Puzzling Pictures 8: The View From Below
Well, did you manage to guess what I was doing? (See yesterday’s “Puzzling Pictures: The View From Above.”) It’s easy enough to work it out, if you’ve ever lived in an old terrace house with a bay window. Yes, I was up a ladder, cleaning out the troughing.
Viewed from below, everything looked all right. The paintwork was still presentable - just the streaks and stains you’d expect, nothing that wouldn’t wipe away with a damp rag. However, it’s always worth taking a closer look. I got the ladder out of the cellar and carried it round the block and put it up. I climbed until I was head and shoulders above the troughing, and I looked down.
Everything was not all right. All the way along the wooden troughing was a thick layer of dark and disgusting sludge. The weather was dry, but this detritus was still soggy, holding moisture against the surface of the wood. Left like that, it would eventually seep down below the surface, no matter how well the wood had been treated with preservative. In the fullness of time, the troughing would rot and be ruined.

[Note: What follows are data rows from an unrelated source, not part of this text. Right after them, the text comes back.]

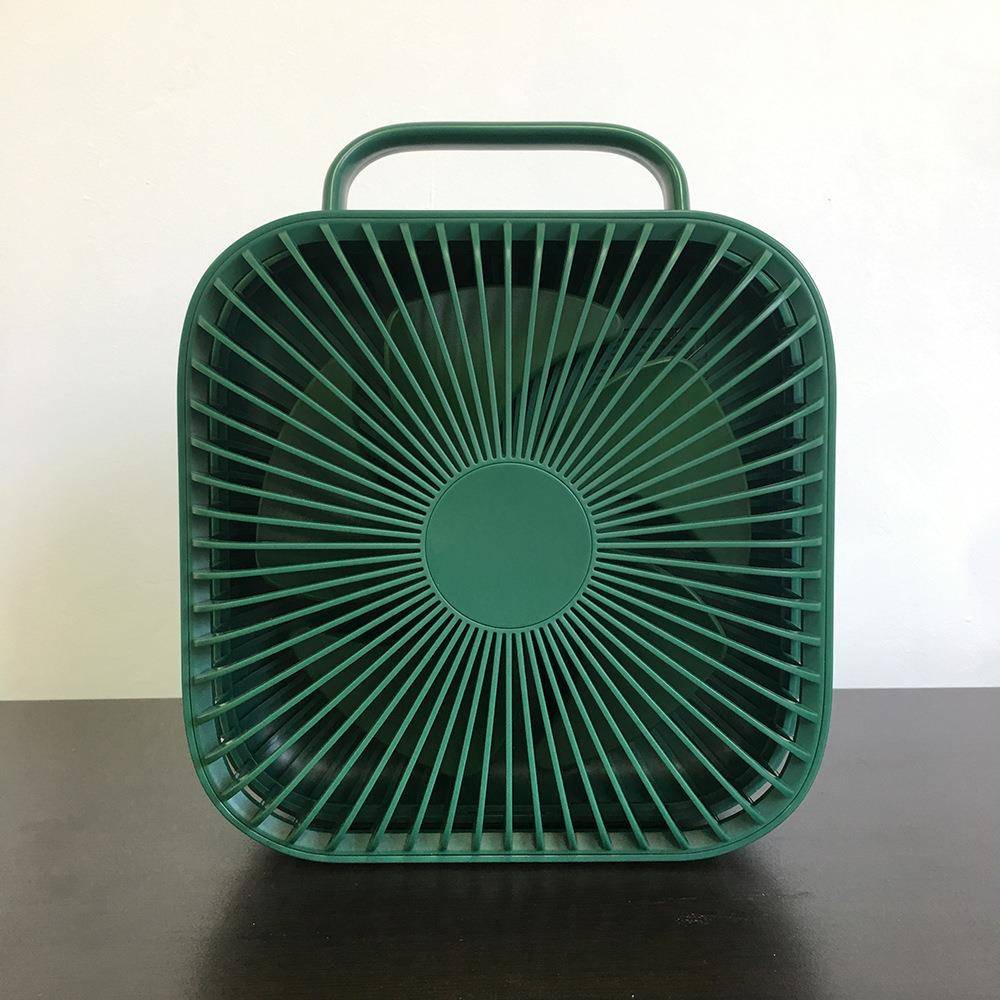 墨绿色伸缩摇头便携可充电折叠风扇Desk Fan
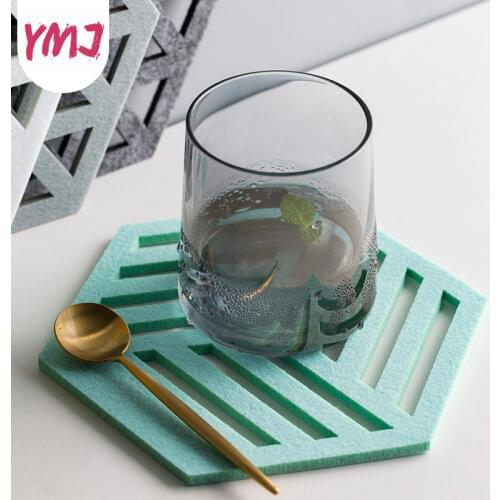 1pcs Creative Felt Coaster Hexagon Hollow Cup Mat Soft Heat Insulated Non Slip Pad Home Hot Drink Holder Desktop Decoration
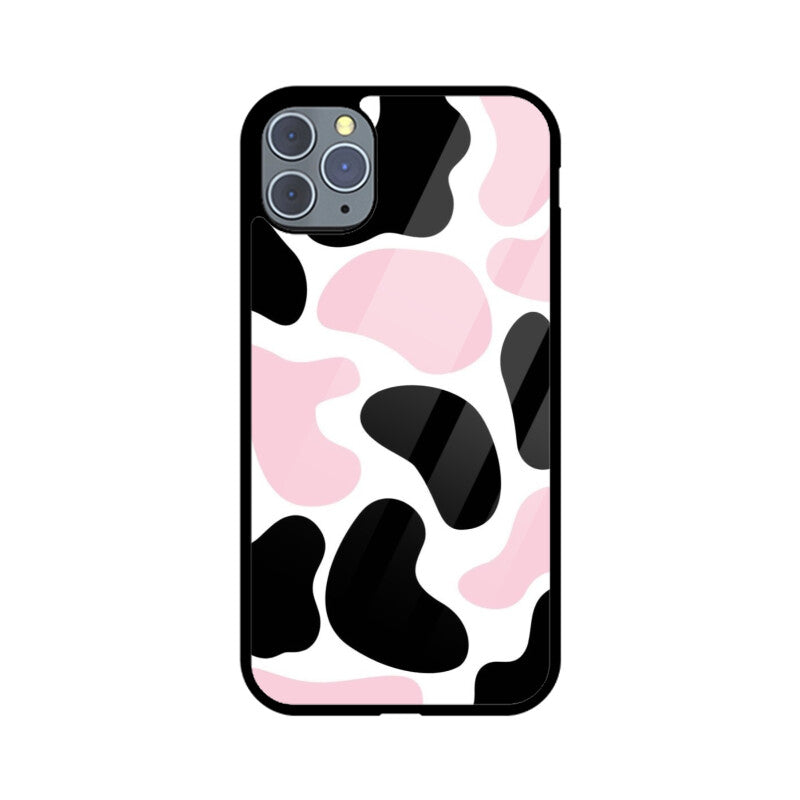Pink Cow Print Aesthetic Glass Case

I set about cleaning it out. A trowel? No, wrong angle. A brush? No, not stiff enough. A wooden spoon? No, not enough clearance to get it under the overhang. In the end, I had to work my way all along the main section and round the side with a long-handled teaspoon. It took me quite a while. Then, pour in water at one end, swill it down to the drainpipe, and leave it to dry.
Since then, I’ve given it a good coat of wood preservative, and I’m waiting for another dry spell to add a coat of sealant on top. And then the job will be done.

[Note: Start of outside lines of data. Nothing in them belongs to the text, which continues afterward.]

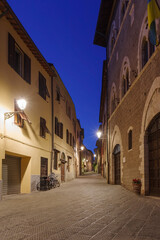 Piombino street view in the night, Tuscany, Italy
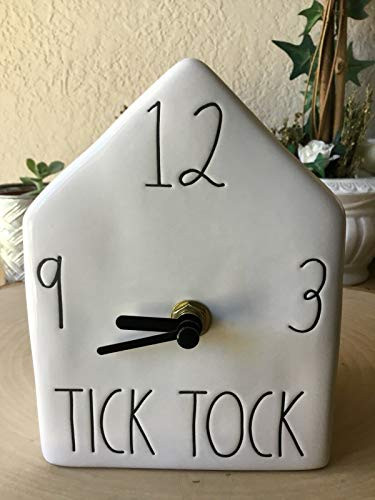 Rae Dunn By Magenta TICK Tock Ceramic LL Decorative Birdhouse Desk Shelf Clock 2020 Limited Edition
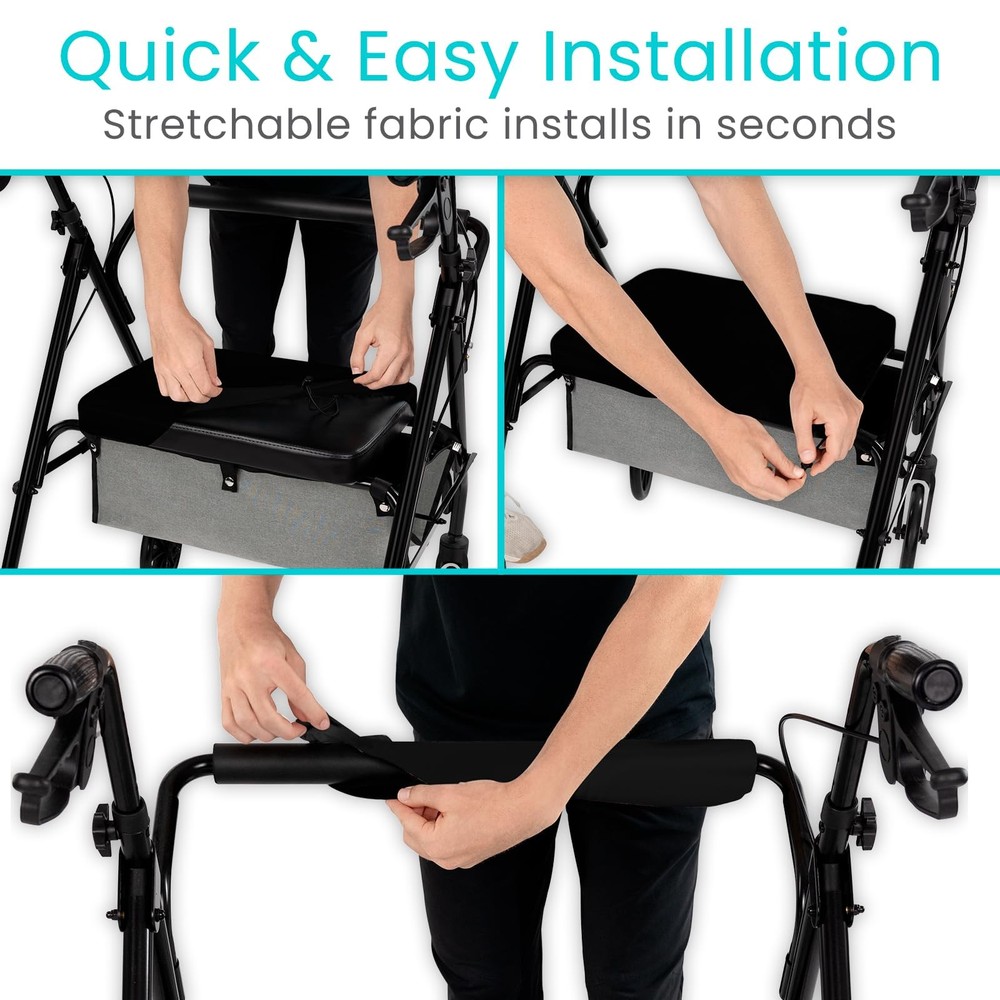 Vive Rollator Walker Seat and Backrest Covers - Removable Washable Black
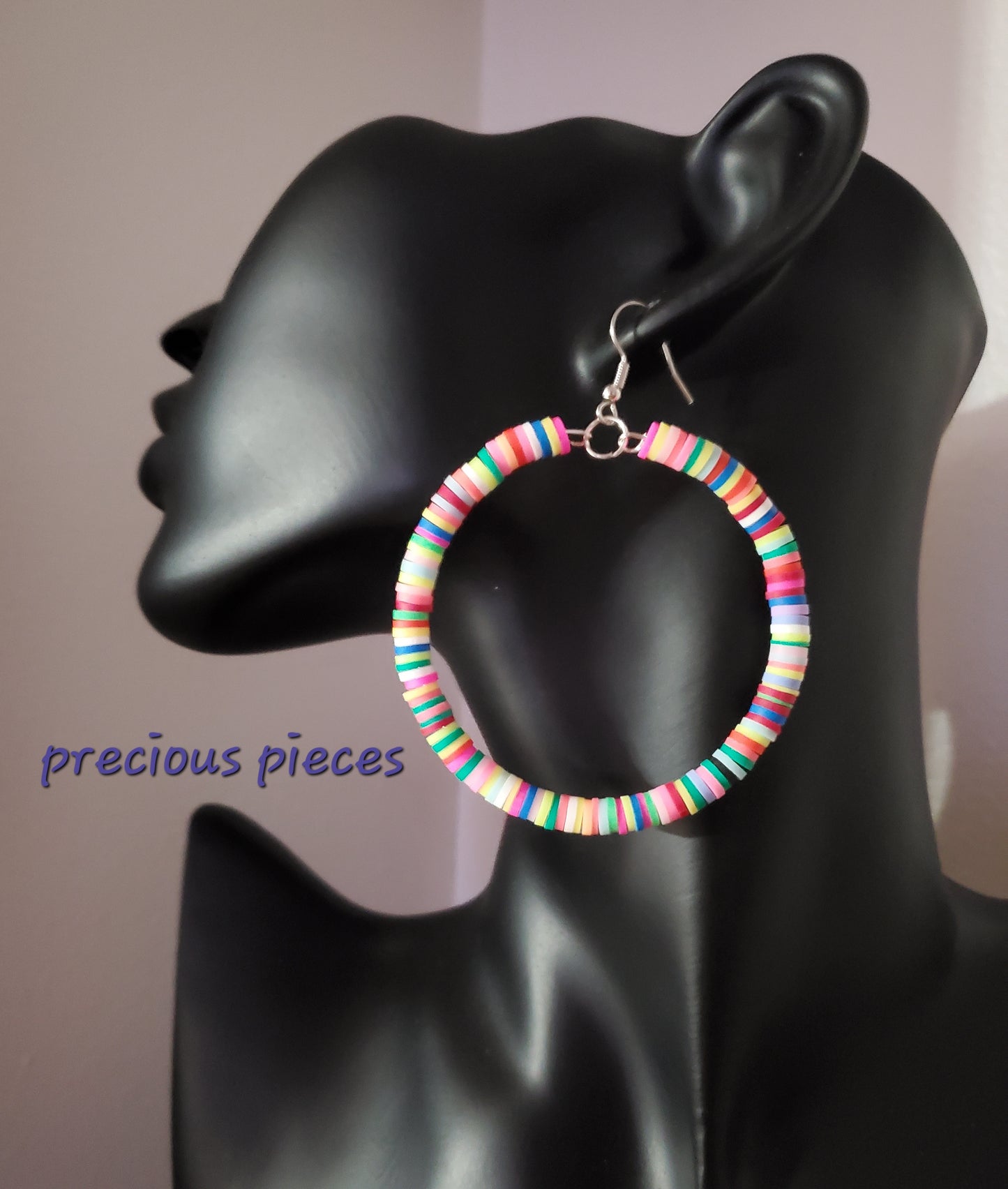 Multicolored Heishi Disc Hoop Earrings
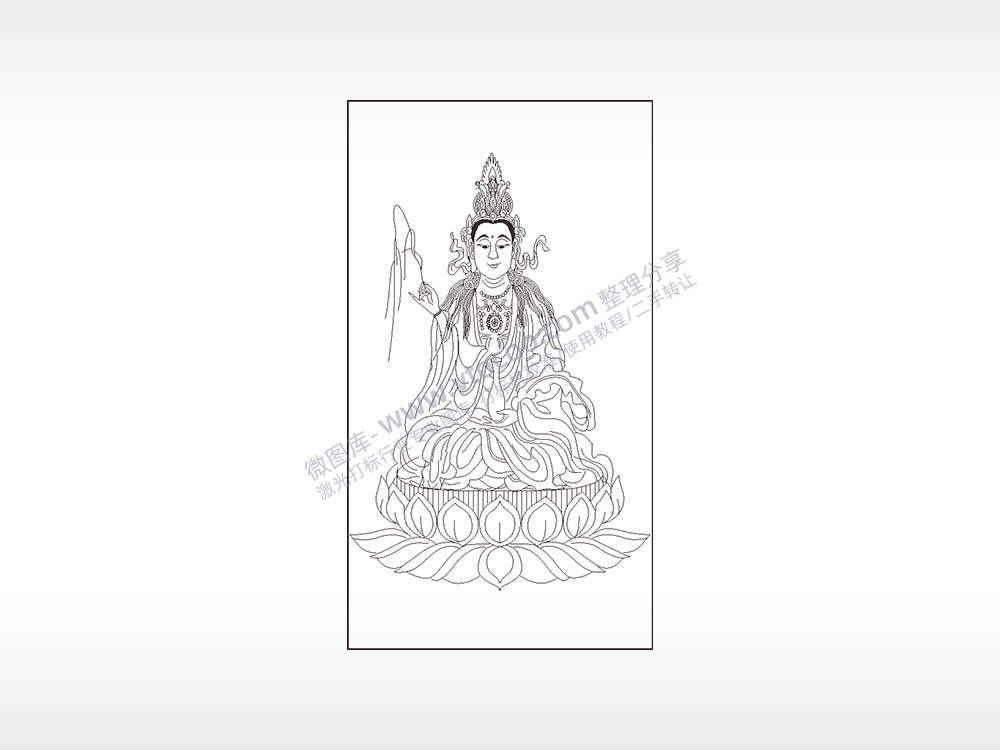 观音菩萨神仙木牌打火机AI8.0格式激光打标文件通用矢量图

On Wednesday I was in Manchester, talking to a middle-aged man about the gospel. He’d approached me with a number of perfectly reasonable questions, which I was happy to answer, as best I could. He acknowledged that the creation spoke of a Creator, and said that he had been trying to find God for himself, for many years. I explained the way of salvation again, and suggested that he began by acknowledging before God that he was a sinner. He’d readily agreed that he was by no means perfect, but…

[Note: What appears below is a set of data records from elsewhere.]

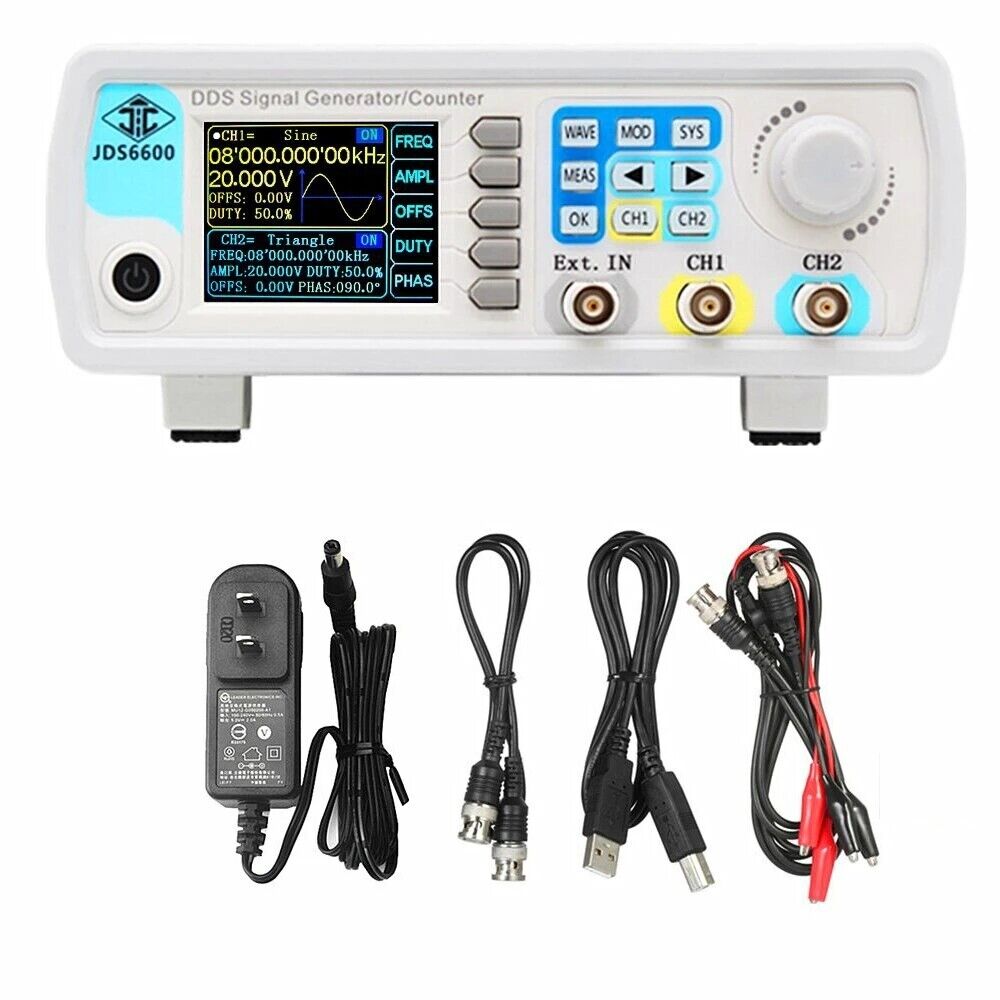 JDS6600 60 ميجا هرتز DDS وظيفة - مراجعة Dual Channel Arbitrary Waveform Function Generator 60Mhz وسعره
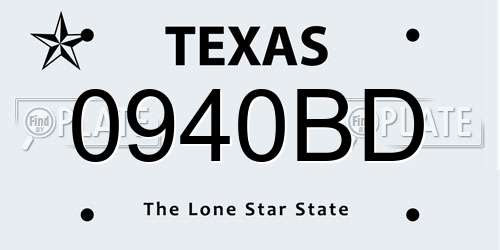 0940BD Texas License Plate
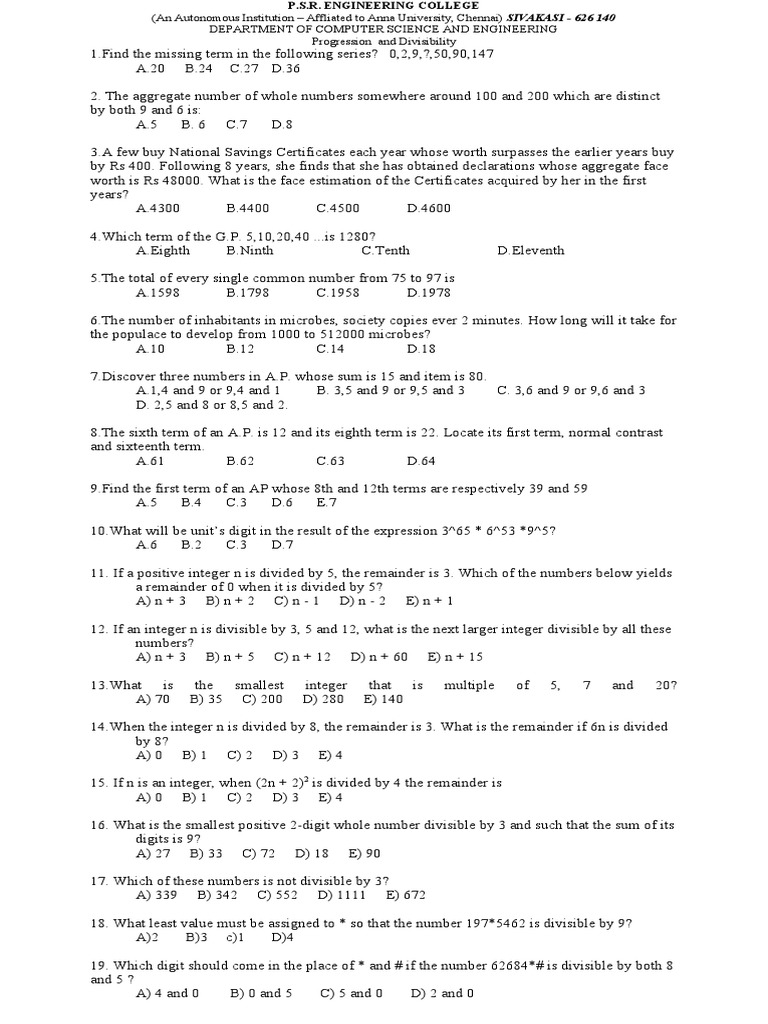 Progression and Divisbility Question | PDF | Numbers | Elementary ...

The more I pressed him to admit his guilt before God, the more defensive he became. The serious faults which he had already admitted became minor issues, hardly worth mentioning, and he was better than many other people that he knew, and God welcomed anyone who was a seeker after truth anyway, didn’t He, and why would he want to repent when it wasn’t really his fault, and..?
At this point I’m spoiled for choice when it comes to texts concerning the true nature of the unregenerate human heart. Let me ask you, instead: what would you have said to him? What texts would you have shared with him, had you been there?
And how is that man like my troughing? It’s obvious, and I know you’re ahead of me, but I’ll say it anyway. When we consider our spiritual condition, the view from below - from our point of view - suggests that we’re not really all that bad: a moderate amount of moral reformation, and the job’s a good one, we’re right with God! Alas, the view from above, with divine insight into the human heart, tells a very different story.
Isaiah 64.6: We have all become like one who is unclean, and all our righteous deeds are like a polluted garment. We all fade like a leaf, and our iniquities, like the wind, take us away.
Jeremiah 17.9: The heart is deceitful above all things, and desperately sick; who can understand it?
And today, there is no longer any real need to repent? Just have faith, just have faith?
Matthew 9.13: I came not to call the righteous, but sinners.
Luke 13.3: No, I tell you; but unless you repent, you will all likewise perish.
I’ll leave you with one last photograph, and a question for anyone who happens to come across this blog who does not know Jesus Christ as Saviour and Lord: what is the state of your own heart today - seen, not from below, but from above? No don't tell me: take it, as the old hymn has it, to the Lord in prayer.